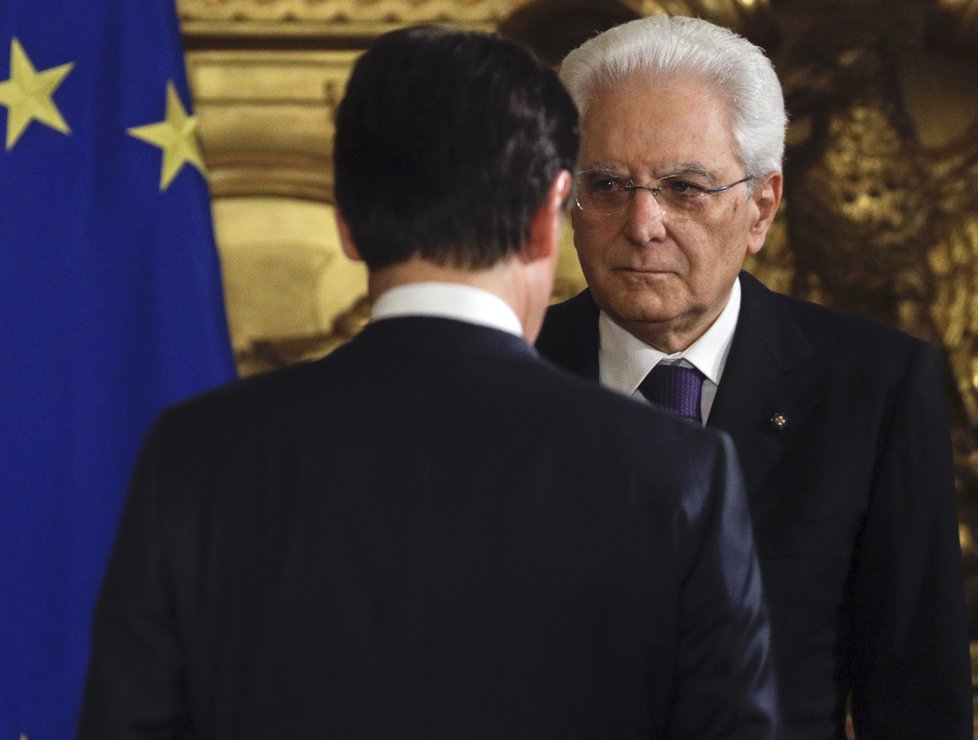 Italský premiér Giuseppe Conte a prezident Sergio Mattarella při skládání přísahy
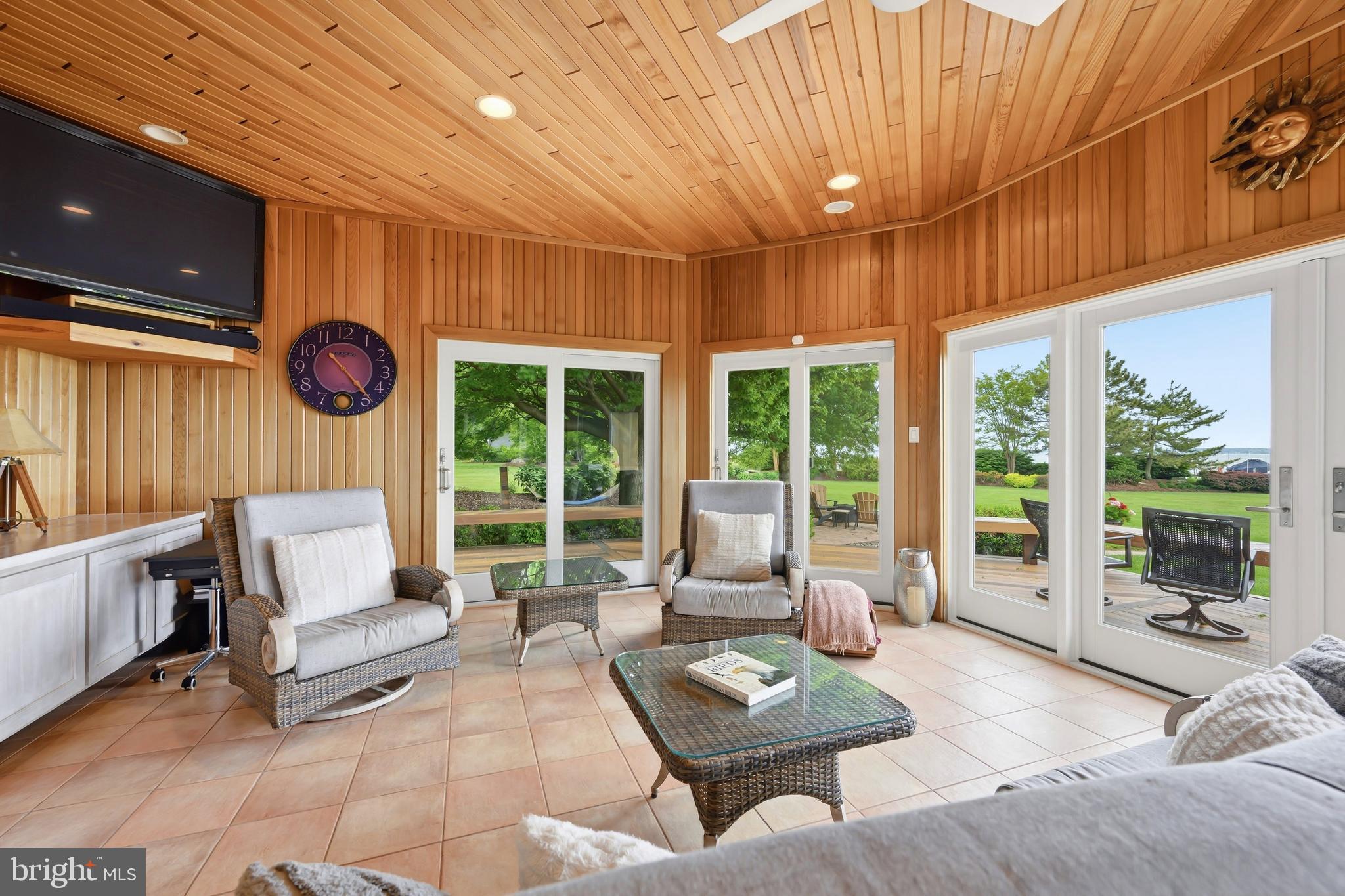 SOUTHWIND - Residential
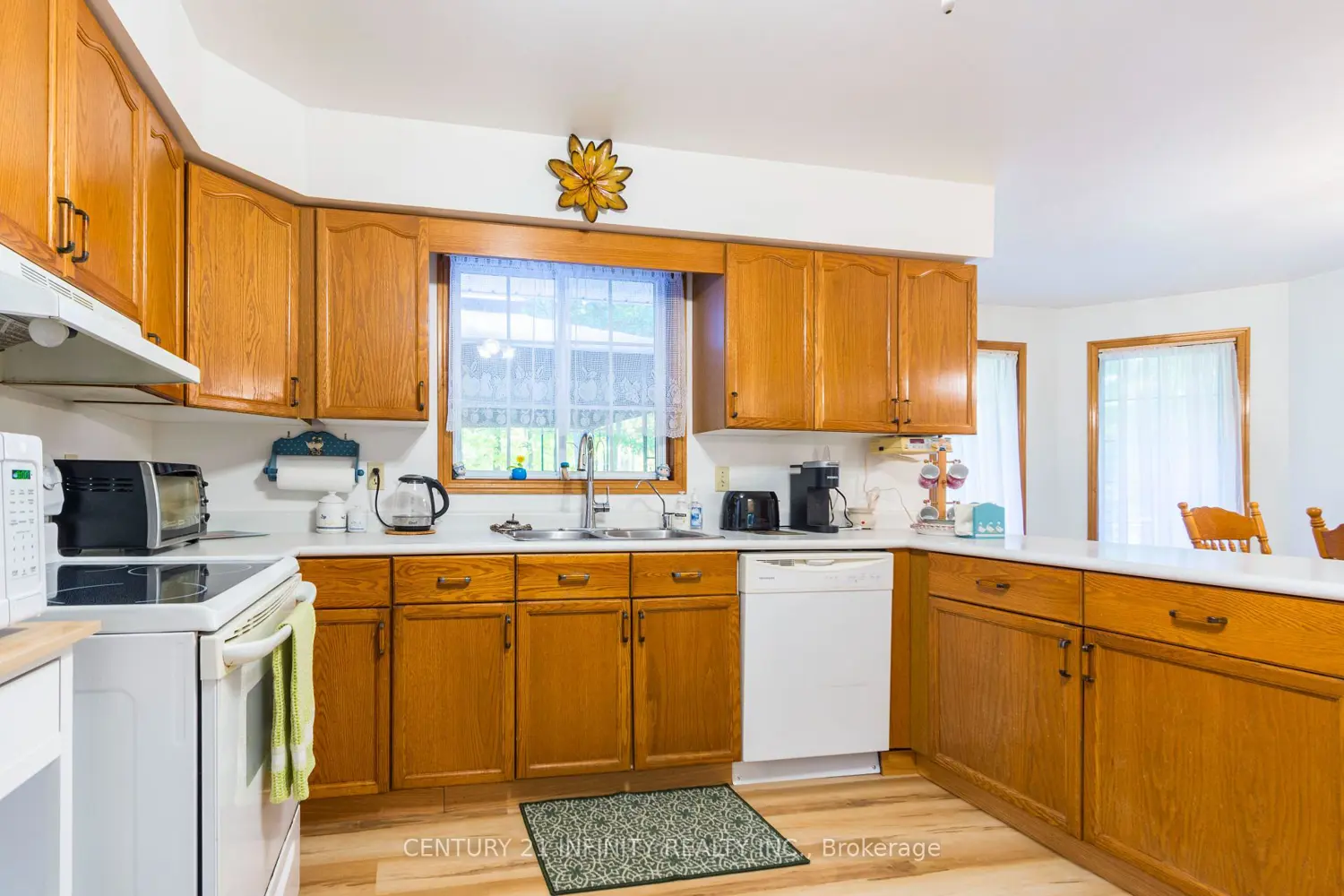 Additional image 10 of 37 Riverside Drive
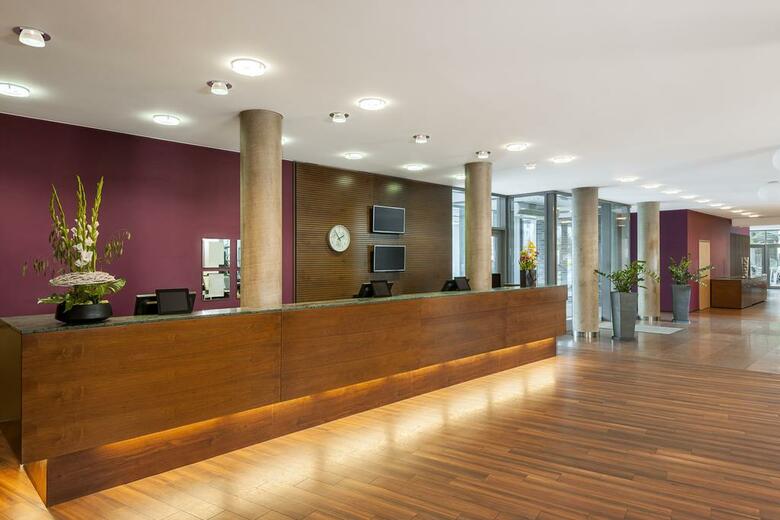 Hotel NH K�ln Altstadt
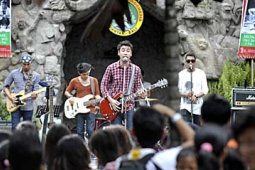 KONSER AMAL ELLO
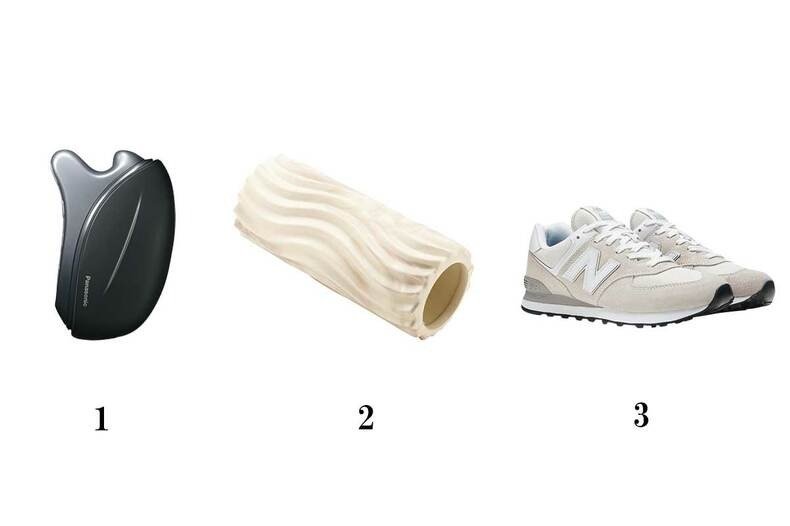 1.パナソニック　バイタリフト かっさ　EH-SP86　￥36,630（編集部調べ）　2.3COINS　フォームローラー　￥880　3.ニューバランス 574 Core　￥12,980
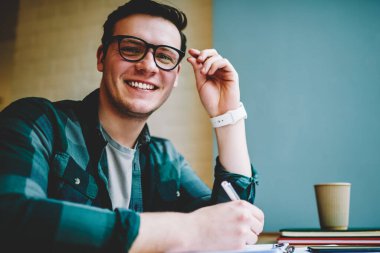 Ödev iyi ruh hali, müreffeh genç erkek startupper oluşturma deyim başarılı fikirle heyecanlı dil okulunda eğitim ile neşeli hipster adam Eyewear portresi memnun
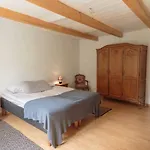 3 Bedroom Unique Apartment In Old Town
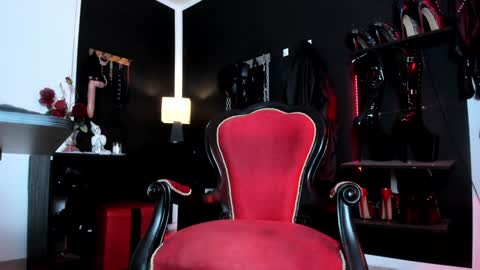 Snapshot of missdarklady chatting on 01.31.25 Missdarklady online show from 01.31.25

**AIM OF THE TASK:**
In your answer, copy exactly the lines running from the line with "Ödev iyi ruh" to the end of the material above, both included, and omit all pictures.

**RESPONSE:**
 Ödev iyi ruh hali, müreffeh genç erkek startupper oluşturma deyim başarılı fikirle heyecanlı dil okulunda eğitim ile neşeli hipster adam Eyewear portresi memnun
 3 Bedroom Unique Apartment In Old Town
 Snapshot of missdarklady chatting on 01.31.25 Missdarklady online show from 01.31.25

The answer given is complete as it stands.